Late last week, Gray Knowlton wrote a lengthy blog comment, sharing some of this thoughts about my review of the Microsoft white paper "Accessibility of Ecma Office Open XML File Formats" that Gray posted to the OpenXML Developer website. Given the importance of the office document accessibility, and the attention that ODF and MSOXML are getting with respect to accessibility, I wanted to continue the conversation directly in my blog (vs. buried in a comment to his comment). The rest of this is written directly to Gray...

First, Gray, thank you for talking the time to have this discussion - and thank you for correcting my misspelling of your name (oops!). You mentioned that you undertook this review "in part to educate a few individuals who claimed that “Open XML does not support accessibility”" but that "it was not intended to be a definitive guide to accessibility of Open XML". Can you tell me, has Microsoft - or anyone else - done a thorough review of MSOXML accessibility? Education, and "correction" of "significant misunderstandings" is one thing; a thoughtful and thorough accessibility review is another. Is this white paper the former, or the latter? If as you say it is the former, what about that thoughtful and thorough accessibility review?

Gray, at the start of your blog comment you say "I’m not sure that the “who did this?” question matters as much as your post seems to indicate", and you spend several paragraphs describing your (non-accessibility) background at Microsoft and Adobe. You also noted the name Reed Shaffner, as "a member of my team specifically focused on the accessibility of the Microsoft Office system", though you don't mention whether he was involved in writing this white paper (by the way, is this Reed Shaffner the author of these two blog posts? the new hire from Duke University who last year was a college senior and who presented a paper Linking Pgm allozyme and nucleotide variation in blue mussels at a Colorado Evolution conference?).

The reason I raise the question of authorship of the white paper is to better ascertain the level of accessibility expertise involved in the review. MSOXML has gone through the ECMA standards process, and is up for vote and adoption by the International Standards Organization, and is being evaluated by many countries and U.S. States for use and standardization in their organizations. Knowing whether a thoughtful and thorough accessibility evaluation was done on MSOXML has an impact on folks in many of these places.

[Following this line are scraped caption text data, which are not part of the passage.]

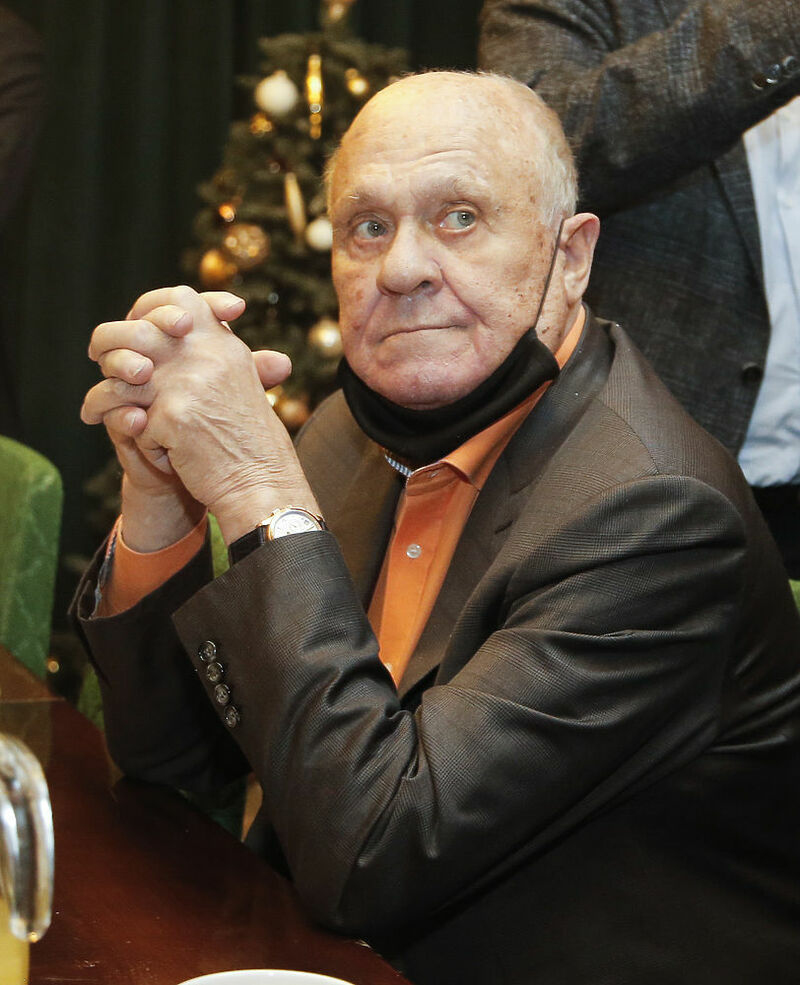 Владимир Меньшов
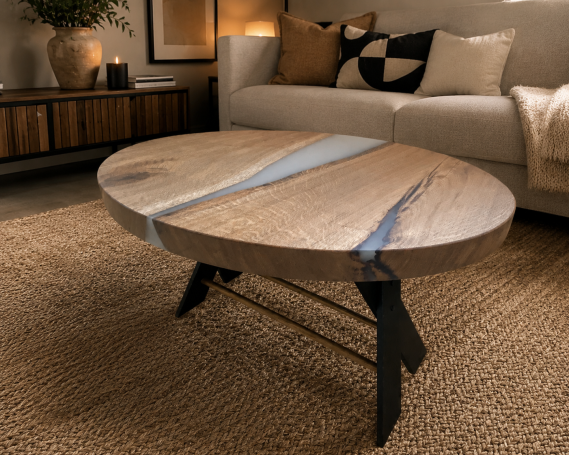 Table d’appoint Aloma en chêne massif et résine époxy blanc laiteux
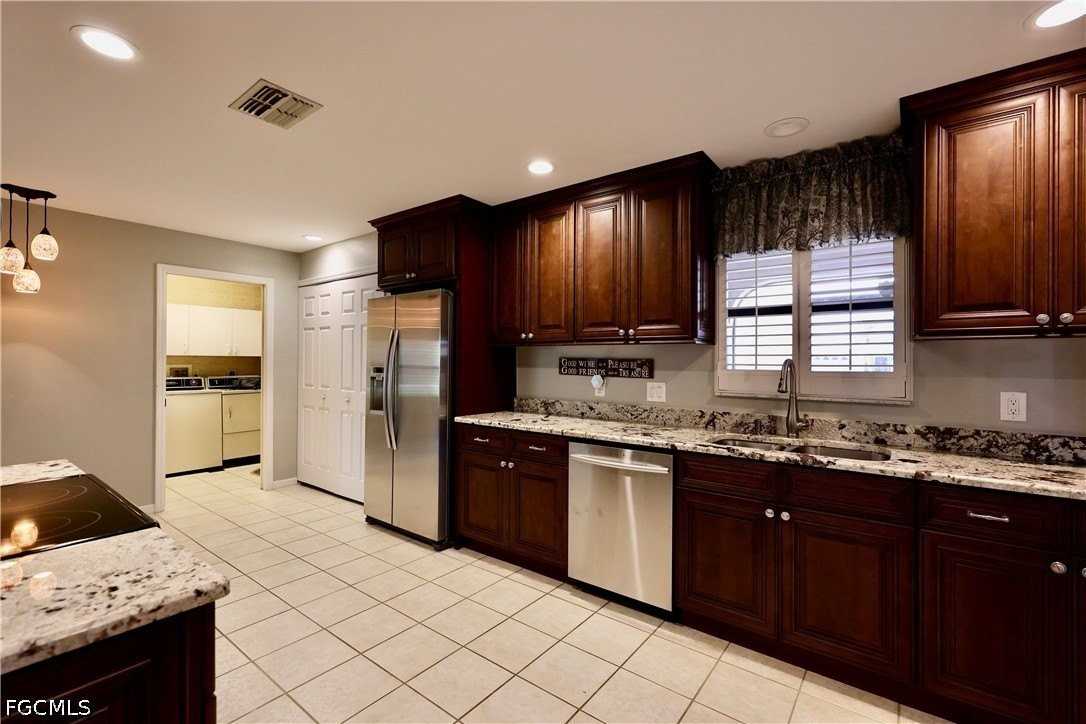 12840 Dornoch Ct - Photo 7 of 50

Elsewhere in your comments, regarding my question about the use of WCAG 1.0, you note: "We are aware that the WCAG1.0 guidelines might not be the most appropriate of benchmarks today, but there are few finalised alternatives. I do work with our accessibility team on evaluating Open XML against the developing standards, and as I am sure you are aware we are active participants in these processes; however it would not be appropriate at this point to publish anything until those efforts are completed." I understand that issue, but then why do you use the XML Accessibility guidelines, which are only in draft form? It doesn't seem consistent to me...

And speaking of questions, I hope that we can continue this conversation, and that you might address the other questions I raised in my review. To quickly summarize them:

Blog question #2 (unaddressed):When and how will the accessibility failings cited in the paper be fixed?

In your evaluation, you note that MSOXML fails to support WCAG 1.0 checkpoints 4.2, 5.2, 9.4, 10.2, 12.1, 12.2, and 12.4, and that MSOXML only partially supports checkpoints WCAG 1.0 checkpoints 6.4, 8.1, 9.1, and 11.1. Some of these have quite significant impacts on folks with disabilities, including especially those who use assistive technologies to access office documents. For example, WCAG 1.0 Checkpoint 9.4 requires that you have a logical TAB order through all of the links, form controls, and objects within a document. Without this, keyboard only users won't be able to get to and manipulate all document content; screen reader users may miss some sections of content altogether. Another example: WCAG 1.0 Checkpoint 12.4 requires that all labels be explicitly associated with the objects they are labeling. Without this, blind folks using screen readers have a lot of trouble figuring out what a control is when they TAB so it - imaging hearing "edit field; edit field; edit field" as you TAB through a form, instead of "name edit field; address edit field; city edit field".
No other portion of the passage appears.